Rhys remembered the possibility of eyes on them. It didn’t stop him from drawing her into the shadow of the falls, where the water thundered and swallowed the world. Their mouths met again—deeper this time, unhurried, the kind of kiss that carried history and promise all at once.

Her hands slid up his chest, fingers spreading as if she needed to feel him solid beneath her palms. He answered, one arm curving around her back, the other threading into her hair, pulling her close until there was no space left to question.

The water lapped at their waists, warm and restless. He felt her breath stutter against his mouth, felt the subtle shift when she rose into him, not asking… choosing. That choice undid him more thoroughly than any touch.

He lowered his forehead to hers, a brief pause, a last moment of control. “Tell me to stop,” he insisted.

She shook her head. “I don’t want to.”

That was all it took.

He lifted her easily, her legs curving around him as if they’d always known where to go. The stone behind her was cool, the water warm. He sank into her softness, the contrast enough to pull a sound from her throat that he caught with his mouth. He stilled, savoring the feel of her around him. Then he moved with intention, as if every second mattered, because it did.

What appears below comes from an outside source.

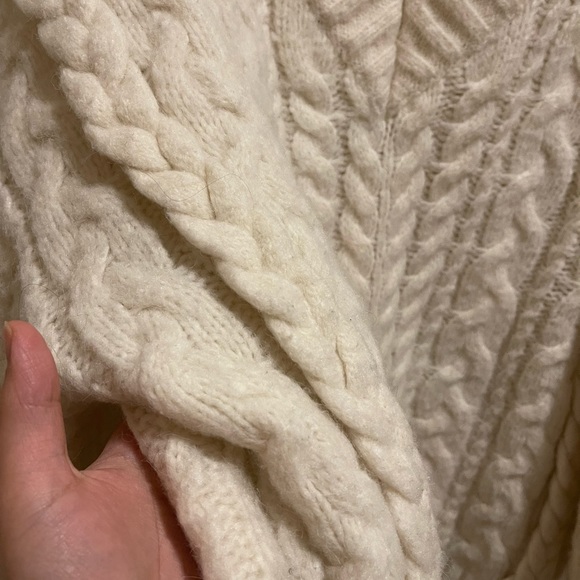 Sweater - Picture 7 of 7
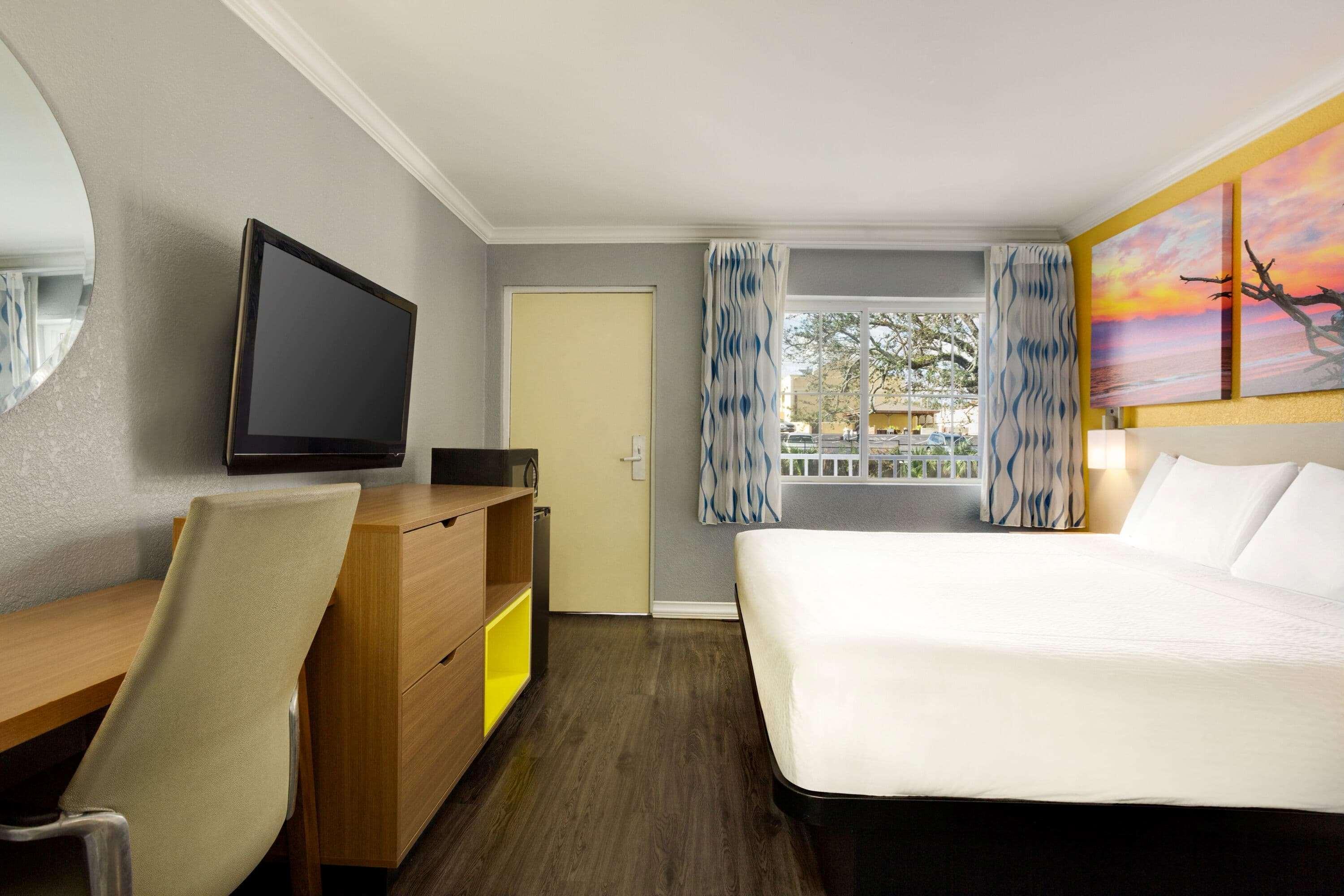 Days Inn By Wyndham Pensacola - Historic Downtown Esterno foto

Her fingers slid into his hair, her body answering his in a slow, inevitable rhythm that left no room for doubt. He followed her cues, stayed with her, until the tension he’d been carrying since the dining room—since the pedestals, the candles, the stillness—finally broke.

Rhys covered her lips, as much to capture her cries of pleasure as to smother his.

After, he stayed where he was, embedded deep, holding her there, his forehead resting against her shoulder as the water rushed around them and the night crept back in.

He drew back just enough to look at her, his hands still firm at her waist. “When this is done, we don’t hide anything. I swear it.”